Following an emergency board meeting last night, board president Scott DeBoer said Dennis Brown will be staying on with the club. DeBoer said "Brown has an impressive resume and was hired as a short term director bridging the gap and leading the way for a long term director with more energy."
Employees at the Paul Bewie Boys and Girls Club heard they no longer had a job over the radio. Yesterday several members of the staff walked out. Prospects looked gloomy.
But, following the emergency board meeting, DeBoer said, "we are in a significant financial pinch but we believe the club can go on. Realistically, we need $15,000 in the next couple of days, $35,000 to get us through September. We have good volunteers and a community that wants the club to succeed."
DeBoer said earlier in the day the staff has done a fantastic job with what they have but are hampered because the club cannot give them what they need to do the job.
DeBoer added the budget has significantly dropped over the past few years. The club needs more than just financial help, it needs to step up programming to do the best for the children.
DeBoer is confident the club will come up with the money it needs. The National Boys and Girls Club is sending a representative to meet with club officials today to investigate and give advice as to the direction to head.
This is not the first financial jam for the Paul Bewie Boys and Girls Club. The summer of 2012 the club found itself in similar circumstances. The staff had not been paid consistently. Survival was measured day by day.
In 1991, Bewie, then district governor with Kiwanis International and a resident of Hot Springs Village, saw a critical need for a safe place for children to go after school as their parents were still working. Bewie motivated dedicated parents, civic clubs, churches, business representatives, and local residents to join together in a cooperative effort to raise over one million dollars in cash and in-kind donations to create "The Positive Place for Children" in the North Garland County area. In the fall of 1991, 35 acres of land was purchased on Highway 7, just north of Hot Springs Village, and the North Garland County Youth Center was organized.

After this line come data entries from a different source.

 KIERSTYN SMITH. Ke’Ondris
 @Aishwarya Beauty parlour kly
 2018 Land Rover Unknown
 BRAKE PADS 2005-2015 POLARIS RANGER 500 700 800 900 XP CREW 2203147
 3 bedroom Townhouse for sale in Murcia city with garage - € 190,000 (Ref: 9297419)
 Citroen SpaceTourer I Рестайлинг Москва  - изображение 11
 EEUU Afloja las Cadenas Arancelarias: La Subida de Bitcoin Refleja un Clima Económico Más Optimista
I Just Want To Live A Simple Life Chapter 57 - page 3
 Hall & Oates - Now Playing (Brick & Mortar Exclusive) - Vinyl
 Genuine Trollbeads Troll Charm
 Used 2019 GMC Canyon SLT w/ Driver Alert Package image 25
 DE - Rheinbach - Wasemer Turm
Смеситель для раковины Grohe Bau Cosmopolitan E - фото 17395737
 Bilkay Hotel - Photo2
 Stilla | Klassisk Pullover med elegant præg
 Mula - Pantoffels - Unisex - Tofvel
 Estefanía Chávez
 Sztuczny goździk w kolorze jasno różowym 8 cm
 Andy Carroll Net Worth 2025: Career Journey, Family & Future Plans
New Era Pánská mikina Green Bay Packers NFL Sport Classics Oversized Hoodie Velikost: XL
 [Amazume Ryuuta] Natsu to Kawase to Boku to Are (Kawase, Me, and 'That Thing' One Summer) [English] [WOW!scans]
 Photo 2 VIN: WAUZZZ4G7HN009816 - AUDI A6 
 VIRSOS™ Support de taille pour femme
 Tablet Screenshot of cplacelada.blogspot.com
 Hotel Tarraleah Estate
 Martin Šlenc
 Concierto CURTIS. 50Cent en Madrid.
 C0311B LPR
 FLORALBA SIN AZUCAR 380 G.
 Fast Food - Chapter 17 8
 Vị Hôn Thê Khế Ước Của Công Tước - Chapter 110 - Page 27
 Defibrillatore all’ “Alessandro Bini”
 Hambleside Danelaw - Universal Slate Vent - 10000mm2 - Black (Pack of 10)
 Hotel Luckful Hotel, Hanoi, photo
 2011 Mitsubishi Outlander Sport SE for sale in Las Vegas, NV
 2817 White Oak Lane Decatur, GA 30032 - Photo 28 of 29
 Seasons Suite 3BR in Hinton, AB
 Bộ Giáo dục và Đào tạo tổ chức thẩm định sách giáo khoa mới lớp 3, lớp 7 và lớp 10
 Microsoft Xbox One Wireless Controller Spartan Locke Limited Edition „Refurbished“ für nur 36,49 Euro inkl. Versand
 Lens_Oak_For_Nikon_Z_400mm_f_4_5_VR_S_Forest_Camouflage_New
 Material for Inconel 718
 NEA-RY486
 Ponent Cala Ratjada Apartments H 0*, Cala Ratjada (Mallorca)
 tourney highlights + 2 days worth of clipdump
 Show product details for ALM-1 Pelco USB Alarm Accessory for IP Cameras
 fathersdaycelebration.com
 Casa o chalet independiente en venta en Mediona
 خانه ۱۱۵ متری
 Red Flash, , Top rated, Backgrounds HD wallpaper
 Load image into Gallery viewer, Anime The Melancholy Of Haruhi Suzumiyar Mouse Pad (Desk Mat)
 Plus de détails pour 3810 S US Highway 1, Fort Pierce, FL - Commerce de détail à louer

After affiliating with the Boys and Girls Club of America in 1994, it became the North Garland County Boys and Girls Club, the only rural club in the state of Arkansas. It was cited as the number one rural safe place for children after school in 1998 at the Arkansas Governor's state summit on volunteerism. Following Bewie's death in 2004, the name was changed to the Paul Bewie Boys and Girls Club. Today, the club's official name is the North Garland County Youth Center doing business as the Paul Bewie Boys and Girls Club.